But, dreams never die! Eventually, in 2023, with renewed vigour, I decided to pursue my dream of teaching. I started reaching out to Yoga teachers who would be open to let me assist them in their classes. I got many positive replies, but I couldn't shake the persistent feeling of a tingling incompleteness: I wanted to study more. I looked for a course that would guide me in learning the art of teaching. That's when I came upon Level II of the Teacher’s Training Course by Amrutha Bindu Yoga whose syllabus had a lot of things that I thought would fill up the void that I experienced. I entered this course with a lot of trepidation knowing that my to-be batchmates were experienced teachers. This also gave me the added confidence that the YTT Level 2 would set me up and give me the support system I needed to take the plunge into teaching. 


YTT Level 2 was a heavy dose of theory and practicals for three whole months, but at the end of it, something  finally clicked in me. My guide, Medha Bhaskar pushed me to start teaching and in a month's time of completing the course, I was already teaching my first class. I began to observe classes at ABY which gave me immense inputs about the dynamics between a student and a teacher.


During these observations I learnt a lot about the body language, verbal cues, vibe of the class, observation skills required of the teacher and finally started taking classes by November 2023. My conviction to put that first step forward was gained by the confidence the student had in me.  And with this belief, I opened up the classes for others to join. 


I quickly learnt that teaching was a two-way process, while the students felt safe exploring their body, I was in-turn gaining  insight into different principles of biodynamics.

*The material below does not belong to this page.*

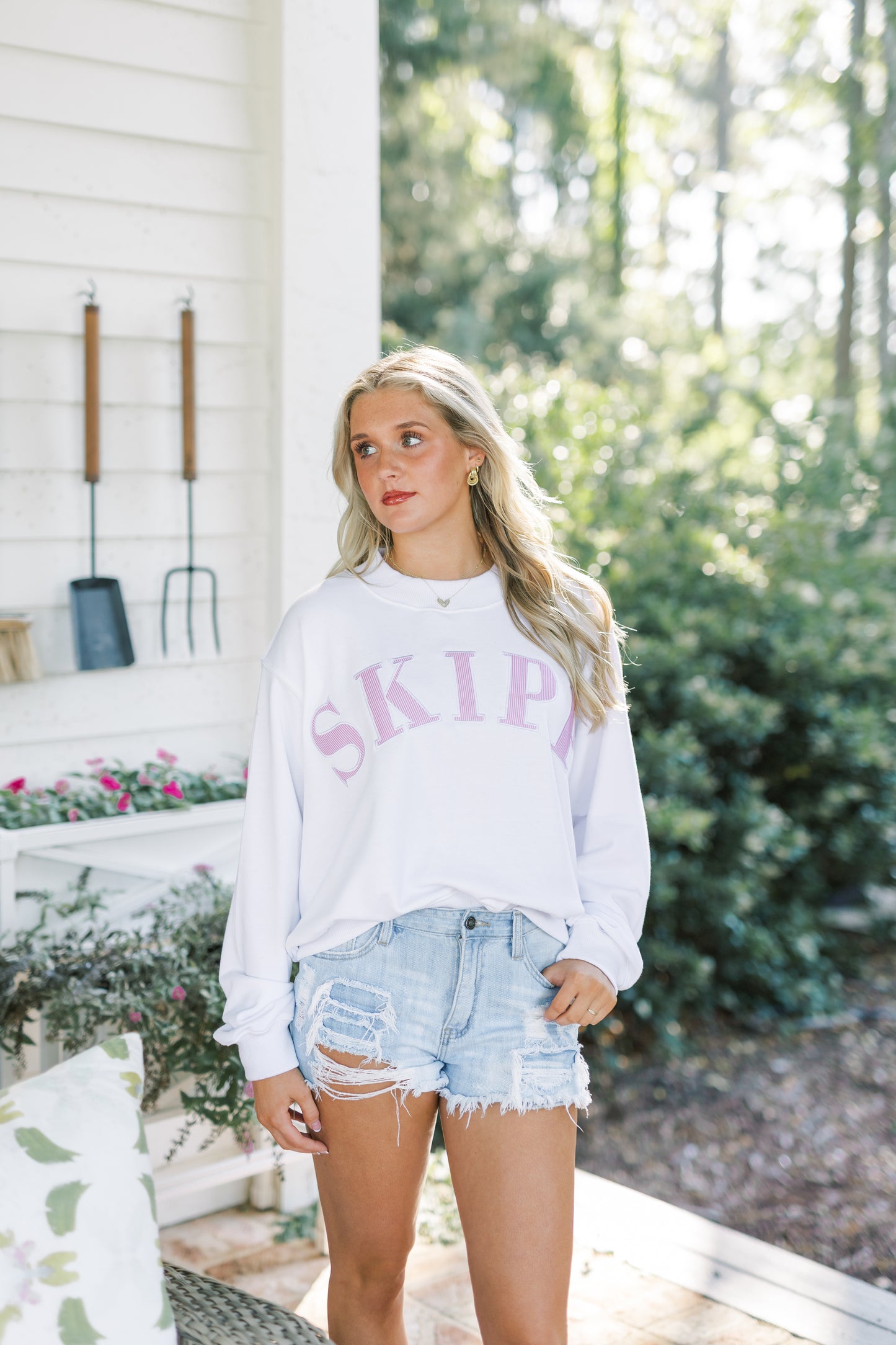 Classic Mockneck in Pink Stripe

It became evident to me that taking all feedback positively helps a teacher to improve her understanding of the situation and improve her classes further. Each posture could be experienced differently only when there is enough space for the student to experience it. And the entire gambit lay in the Teacher’s self practice. 


A few months after the TTC course and into teaching, I realised, rebuilt and refurbished my confidence. The challenge, I realised, wasn’t about facing others, but facing my fears. Facing myself was most terrifying to me. In hindsight, I came upon the realisation that it was  only after teaching that my self practise in yogasana  became  more regular and more intentional. I was mentally flexible to  experiment with other things that I did not venture into prior to teaching. My awareness of  my body has immensely grown and I can confidently say that teaching has taught me much more than I knew was possible. 


There are days when the imposter syndrome comes crawling back in,  leading to self-doubt , the way I meet this self doubt  now is different. I challenge myself to go deeper into what I am thinking and create an opportunity to make space for further learning.  When we close our doors of being a student , we fail to take in the subtle feedback which helps us grow in unimaginable ways. I now look forward to discovering the different versions I will be as I grow in practice and teaching.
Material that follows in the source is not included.